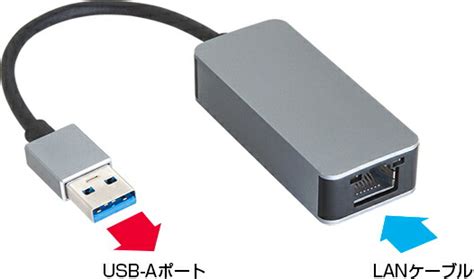 【楽天市場】《送料無料》usb A To 25gigabit Lan変換アダプター Centuryセンチュリー Cca Ual25 ：センチュリーダイレクト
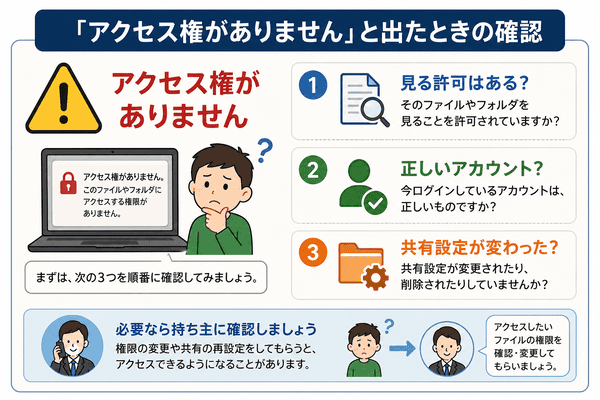 アクセス権がありませんと表示されたときに見る許可やアカウントや共有設定を確認する図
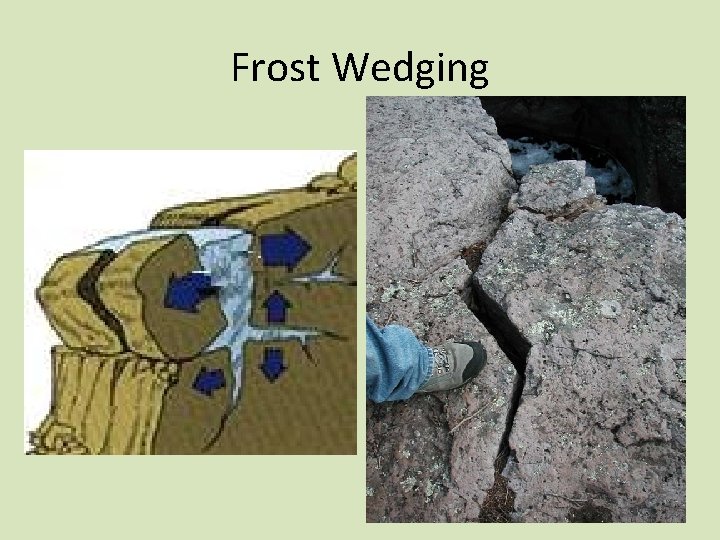 Frost Wedging 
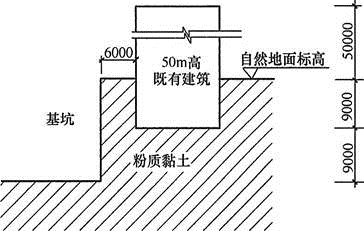 建筑结构,章节练习,地基与基础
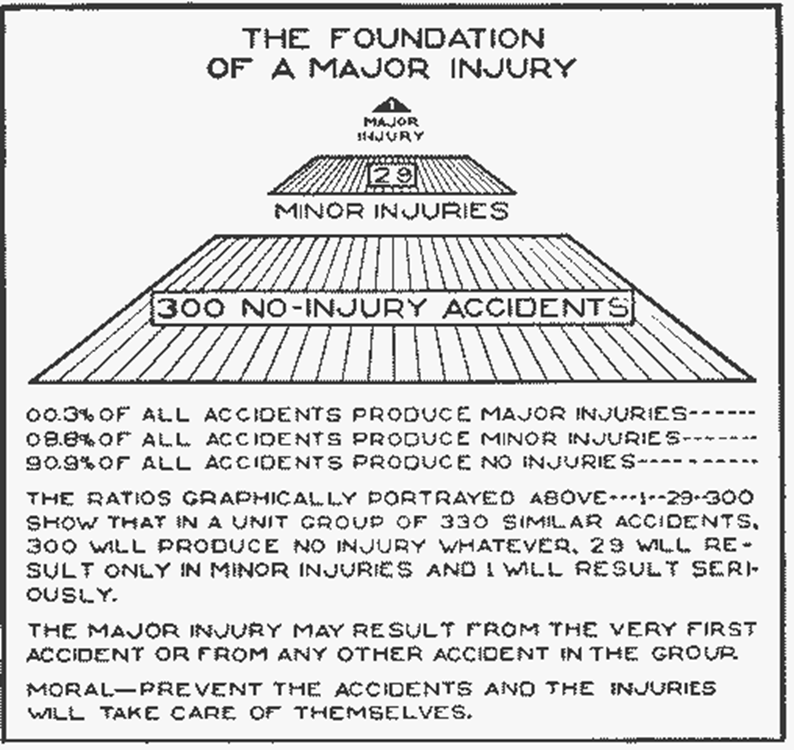 На каком уровне управления безопасностью находится ваша организация?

_Task instructions_: Reproduce exactly the lines from the one containing "Frost Wedging" through the last line of the records, both included, leaving out every picture.

_Problem solution_:
 Frost Wedging 
 建筑结构,章节练习,地基与基础
 На каком уровне управления безопасностью находится ваша организация?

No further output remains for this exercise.